Entre tanta hipocresía y tanto discurso moralizador (disciplinario) y atemorizador, resulta refrescante enfrentarse a una obra como Blackbird, leerla y verla representada. Pues, en efecto, el drama que ha elaborado David Harrower contribuye, cuando menos, a poner de manifiesto el modo en el que las categorías propias del discurso hegemónico en materia de sexualidad adolescente resultan antes construcciones socioculturales apropiadas a las necesidades del control social que descripciones precisas de una realidad que, necesariamente, ha de ser vista como polifacética (sexualidad + adolescencia = ambigüedad).

En la obra, la contraposición principal (el motivo de la evolución dramática de la historia representada) es una de designaciones: ¿una víctima (engañada, abusada) o simplemente una adolescente enamorada? ¿un "pederasta" o simplemente un varón (desorientado, solitario, sí, pero) que entabló una relación sexual y afectiva que, simplemente, la mentalidad dominante consideraba "inapropiada" ("indecente", en suma)?

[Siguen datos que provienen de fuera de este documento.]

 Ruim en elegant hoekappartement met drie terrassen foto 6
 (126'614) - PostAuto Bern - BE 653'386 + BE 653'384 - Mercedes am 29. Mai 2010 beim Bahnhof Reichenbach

En el caso de en cuestión, la justicia penal, haciéndose eco del discurso hegemónico, ha dictado ya su veredicto: víctima y abusador, niña inocente y varón pervertido. Etiquetas que han sido grabadas a fuego (con prisión, con maltratos, con estigmatización, con marginación social) en ambas partes de la interacción sexual y emocional que tuvo lugar, tiempo atrás, entre Una y Ray, víctima y delincuente. Ambos fueron etiquetados, ambos fueron fijados en un determinado rol, con unas expectativas de comportamiento en cada uno: la víctima,digna de compasión, desde luego, pero también sospechosa de connivencia o de no sentir lo suficiente lo vergonzoso que fue lo ocurrido; el autor, un despojo de la sociedad, que tiene que volver a ganarse su derecho a ser tratado como una persona (respetable). En ambos casos, cualquier transgresión, en su comportamiento, de dichas expectativas, sería castigada: con nuevas penas o, cuando menos, con el ostracismo social...

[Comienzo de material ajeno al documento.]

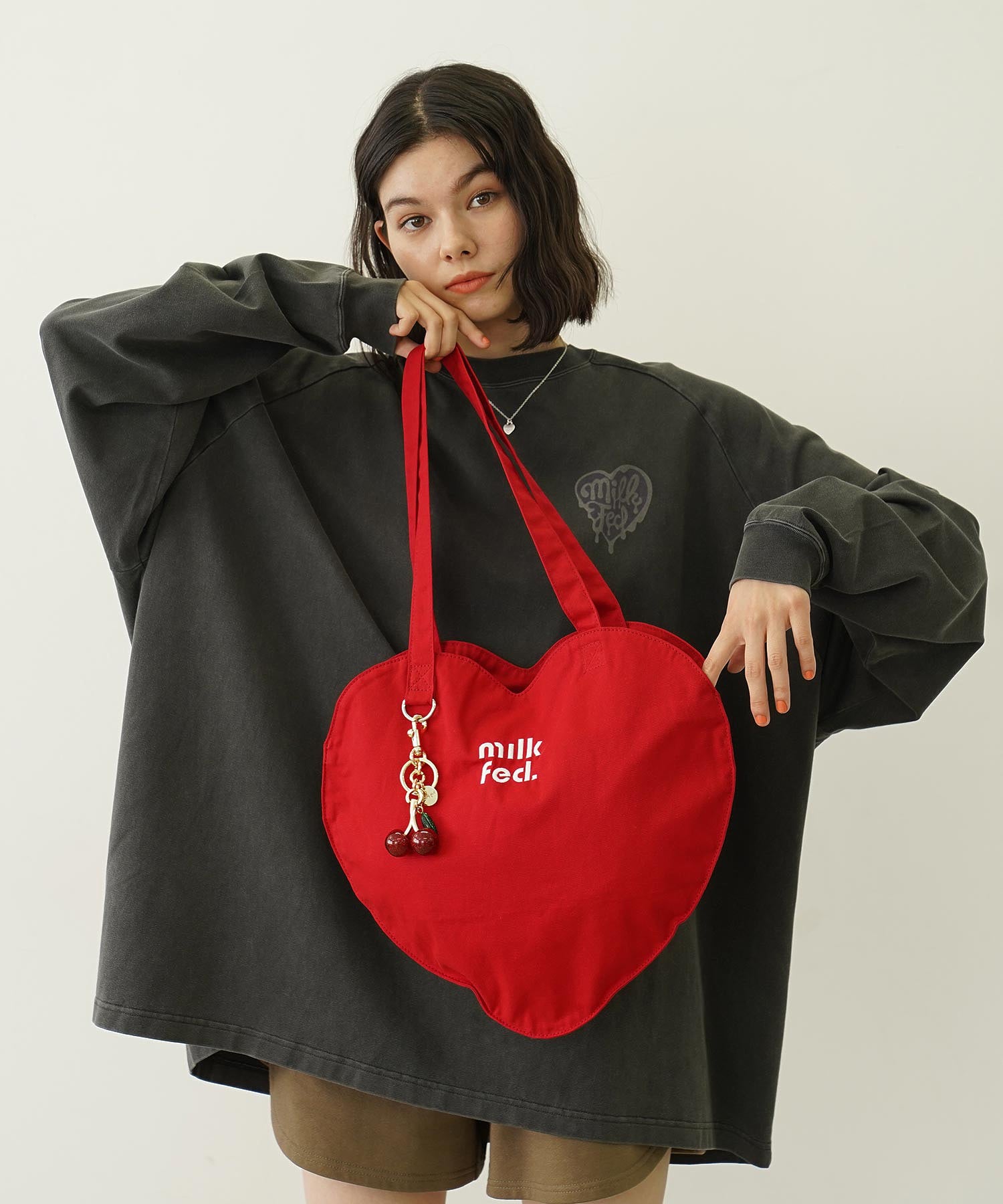 HEART SHAPED TOTE BAG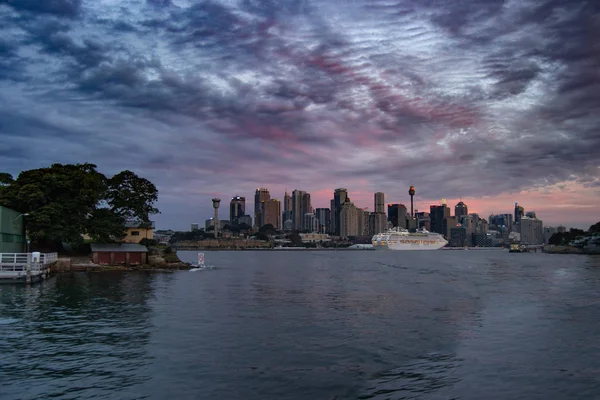 Paisaje Desde Sydney Ferry Vista Ciudad Día Nublado Puesta Sol —  Fotos de Stock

Pero Uma y Ray, los personajes de Blackbird, se revuelven en contra de tales dictados. Después de años de haber asumido -aparentemente, de forma sumisa- sus respectivos roles de víctima y de delincuente, en el fondo de su mente continúan poniendo en cuestión la adecuación de los mismos. Siguen apegados a sus viejas emociones y recuerdos, al antiguo atractivo sexual. A la necesidad de creer que lo que sucedió entre ellos no se deja etiquetar tan fácilmente como un abuso, como una pura relación de poder. Que la desigualdad de poder entre el adulto y la adolescente (que sin duda existió: en cuanto a conocimiento del mundo, en cuanto a posibilidades de acción y de imaginar alternativas) se vio compensada -en parte, cuando menos- por la intensidad de las emociones (deseo sexual, ternura, ilusión de construirse otra vida distinta, una vida juntos) que los dos sujetos -sujetos- experimentaban. Una intensidad que les aproximaba en cuanto a "irracionalidad" (desde un punto de vista instrumental) y amoralidad.

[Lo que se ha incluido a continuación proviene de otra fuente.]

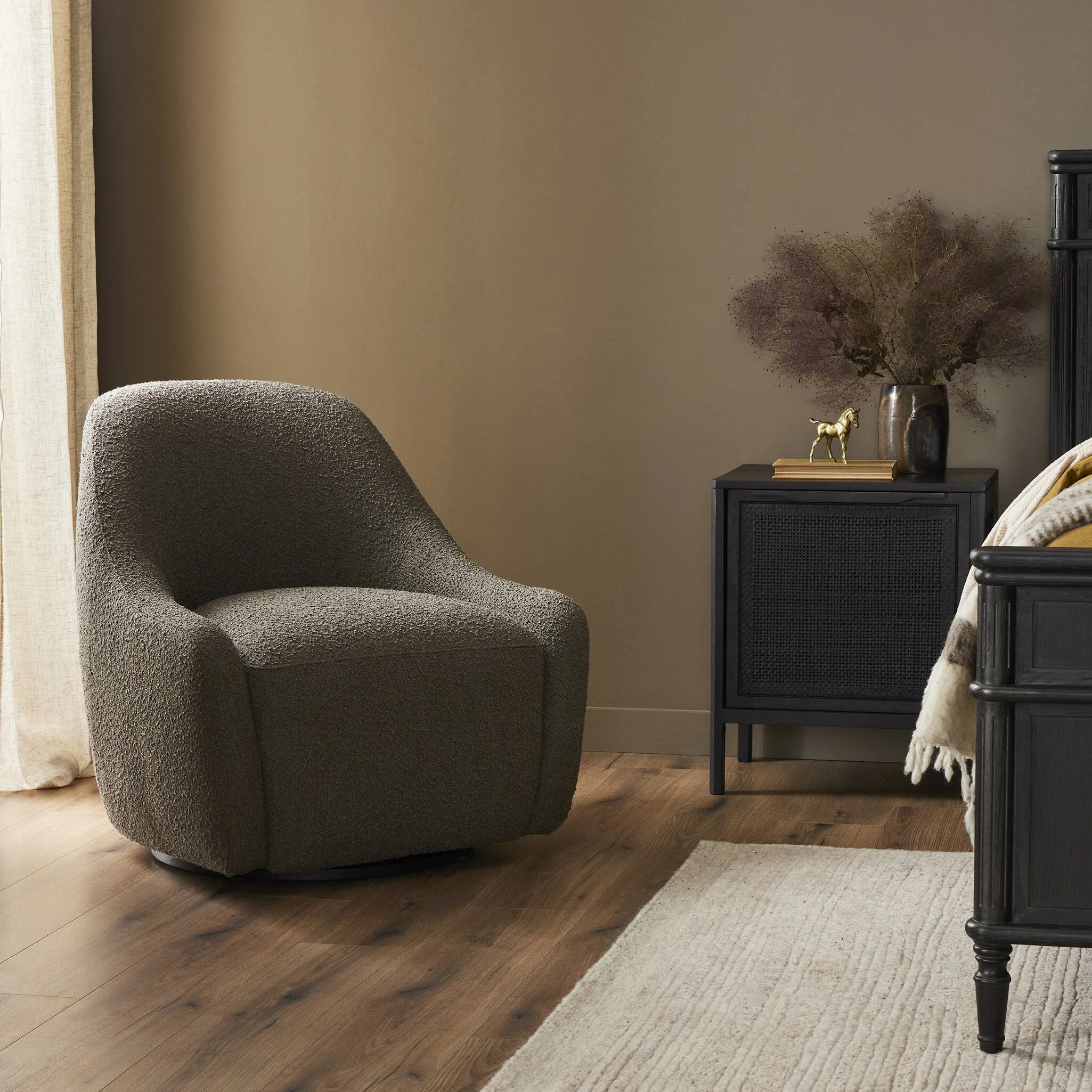 Levi Swivel Chair - 231505-003 231505003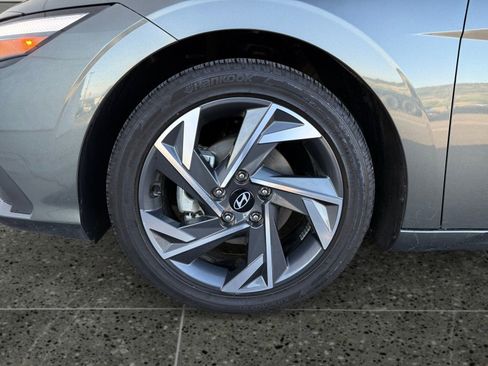 Used 2025 Hyundai Elantra SEL FWD image 21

Y, al reencontrarse (azuzados por la insatisfacción ante los roles que les han sido asignados), el desnudo y crudísimo diálogo entre ambos constituye el camino hacia el reconocimiento de la verdad: no sólo de la verdad (fáctica) de los sucedido en aquellos febriles días de sexo, deseo e ilusión, que tan mal acabaron. Sino, además (y, acaso, sobre todo), del hecho -finalmente aceptado por ambos- de que lo suyo fue (también) una relación emocional, no únicamente una práctica de poder del uno sobre la otra.

La obra versa, así, sobre el reconocimiento y sobre la dicotomía entre los procesos sociales de etiquetado de las interacciones humanas (sexuales y afectivas, en este caso) y las experiencias interiores de los agentes de dichas interacciones. Sobra la divergencia entre ambos lenguajes: el de la imputación de responsabilidad moral (y jurídica), frente al de la experiencia introspectiva (fenomenológica) de la acción y de la interacción. Sobre la dificultad (¿imposibilidad?) para traducir del uno al otro, y viceversa.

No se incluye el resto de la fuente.